YAA Projects’ exhibition design for the Design Museum and Future Observatory’s Design Researchers on Residence display addresses the theme of Solar, showcasing the work of four design researchers. The exhibition reflects on humans and other species’ relationships to solar, as a source of energy and increasingly a challenge due to warming temperatures. It examines our nuanced relationship to the sun as both an energy resource and a condition to be negotiated within the built environment.

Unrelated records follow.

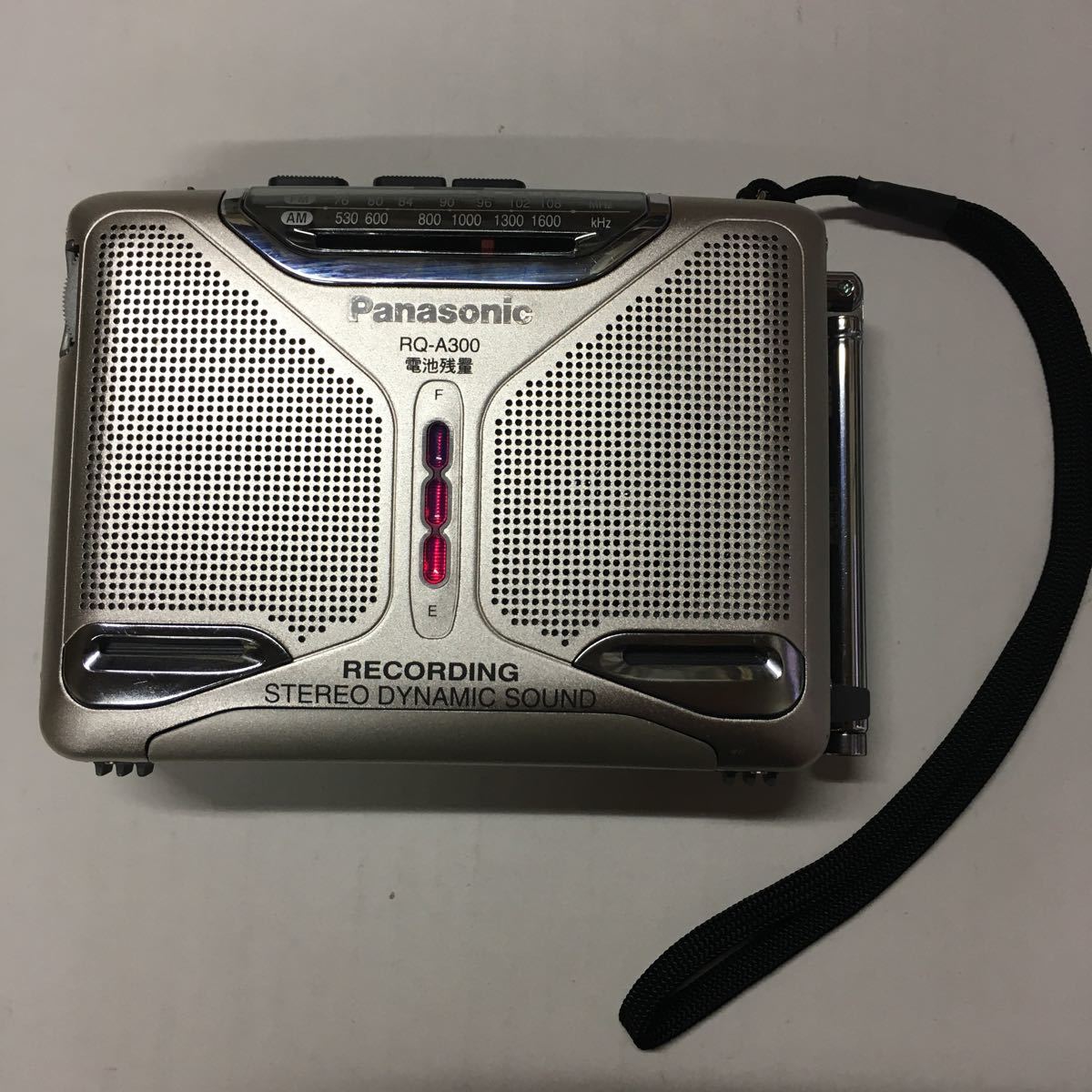 ラッピング無料】 Panasonic ステレオラジオカセットレコーダー RQ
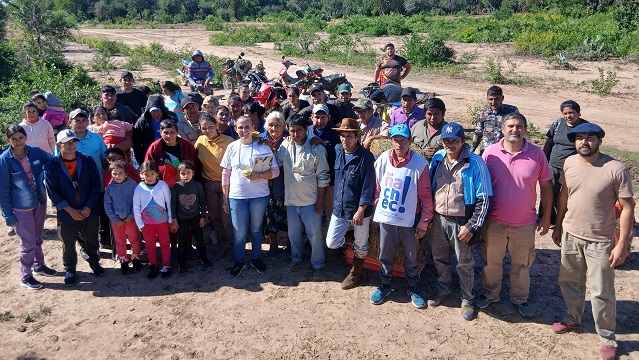 El Gobierno Provincial lleg&oacute; a Pozo del Gato con entrega de m&oacute;dulos &Ntilde;achec y refuerzo integral en el Impenetrable Chaque&ntilde;o 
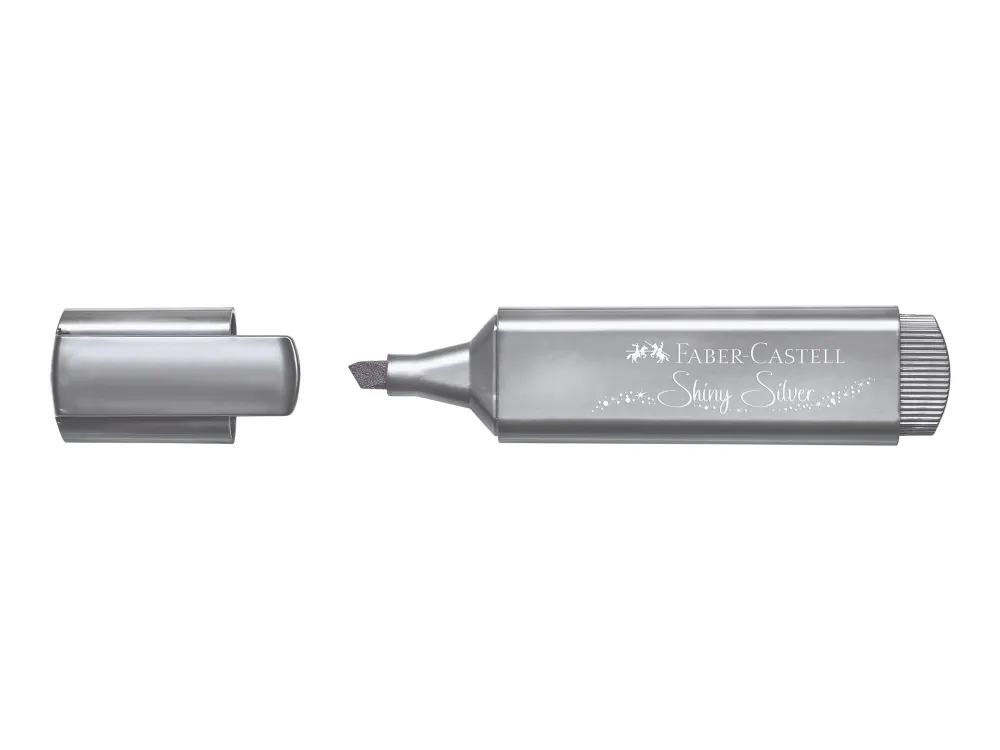 Faber-Castell TEXTLINER 46 Metallic - Highlighter - skinnende sølv - vandbaseret blæk - 1-2-5 mm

Staged in four sections, the design transforms the existing Residency Studio, typically a workspace, into a showcase for the design residents. A continuous plinth, made in diagonally stacked, hit and miss brickwork lines the edge of the space, providing display space for objects, books and research. The bricks used are made from near 100% recycled demolition and construction waste materials and have 95% less embodied carbon that a traditional clay brick. The stacked design language takes inspiration from the ubiquitous stacked assemblies of construction materials. Each researcher’s section is marked with a graphic totem, an indentation in the plinth, emphasising the design's exploration of solar, shade, and shadow. Complementing the bold plinth, natural linen fabric lines the walls, offering neutral space for drawings and framed works.

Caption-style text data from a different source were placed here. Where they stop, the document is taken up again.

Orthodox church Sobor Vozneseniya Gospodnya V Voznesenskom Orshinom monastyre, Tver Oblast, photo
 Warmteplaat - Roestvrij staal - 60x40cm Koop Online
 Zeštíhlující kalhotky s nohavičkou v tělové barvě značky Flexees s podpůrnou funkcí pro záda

Reacting against a tendency to design temporary exhibitions as though are permanent architectures, YAA Projects’ exhibition celebrates temporality and impermanence, emphasising an approach to sustainability and regenerative design. The design's elemental language focuses on disassembly and reuse. By stacking instead of bonding the bricks, they can be easily disassembled and reused after the exhibition. The robust, freestanding black timber plinths are designed for reuse in future displays.

YAA Projects’ exhibition design aligns with the Design Museum’s commitment to sustainability and reducing the environmental impact of temporary displays. Ultimately, the design explores solar as an environmental and material condition while raising questions about the role of impermanence and reuse in sustainable regenerative design.